▶ **Given data**:
════

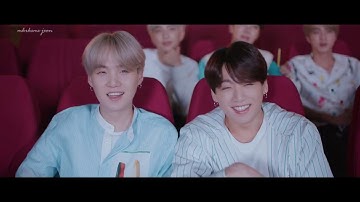 BTS (방탄소년단) 
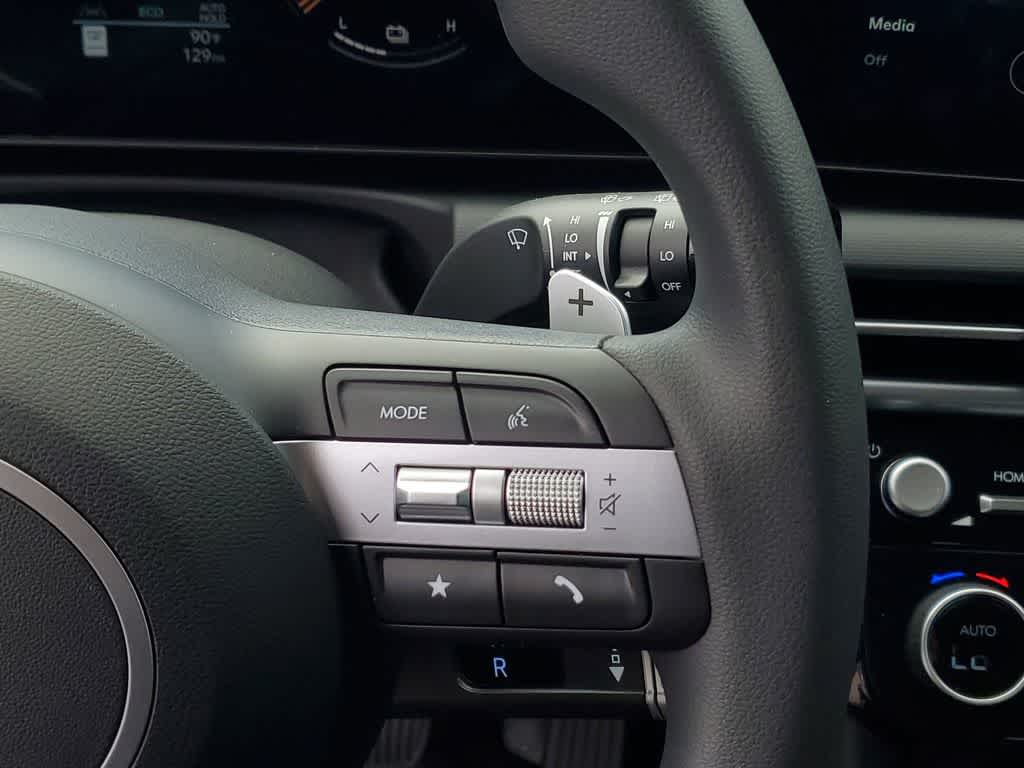 Thumbnail: 2026 Hyundai Tucson - 28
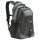 Freizeitrucksack schwarz/grau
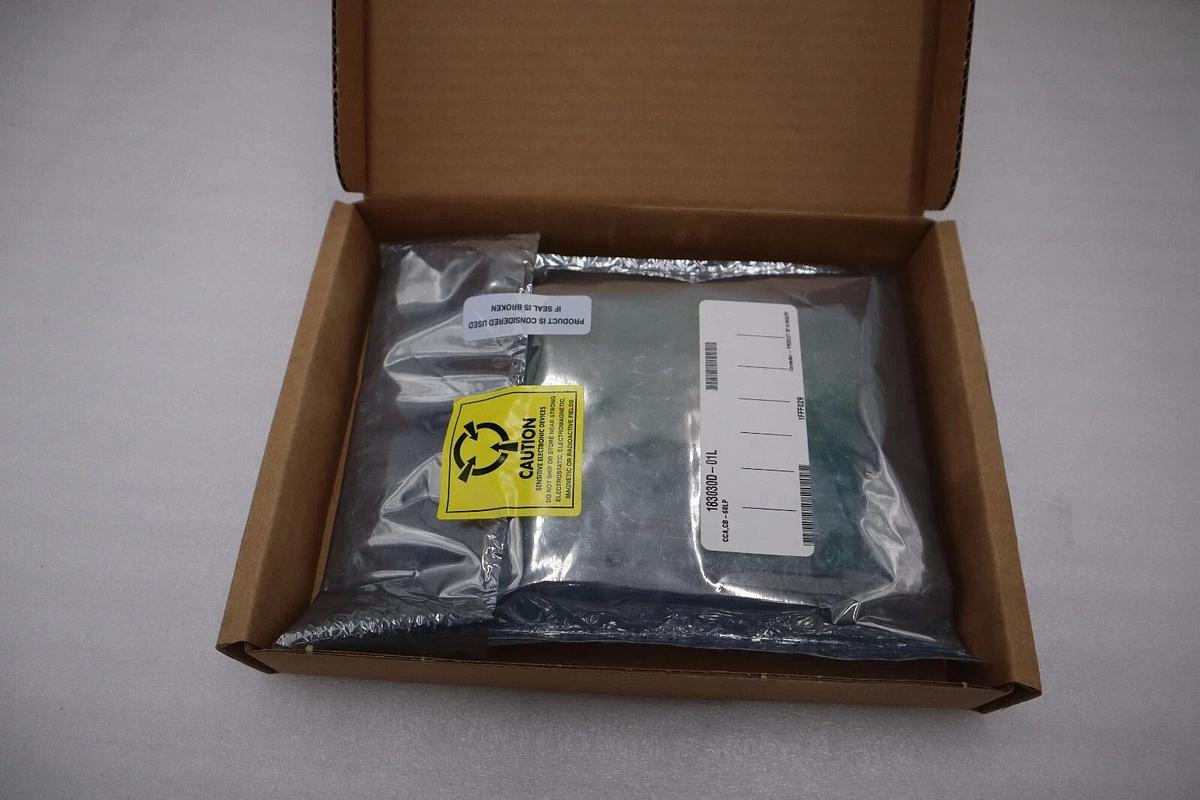 Used National Instruments CB-68LP I/O Connector Block Unshielded 68-Position #H13A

════

▶ **Problem**: The span to retype runs from the line containing "Freizeitrucksack schwarz/grau" through the last line of the listing above, both ends included; copy it exactly, without pictures.

▶ **Written answer**:
 Freizeitrucksack schwarz/grau
 Used National Instruments CB-68LP I/O Connector Block Unshielded 68-Position #H13A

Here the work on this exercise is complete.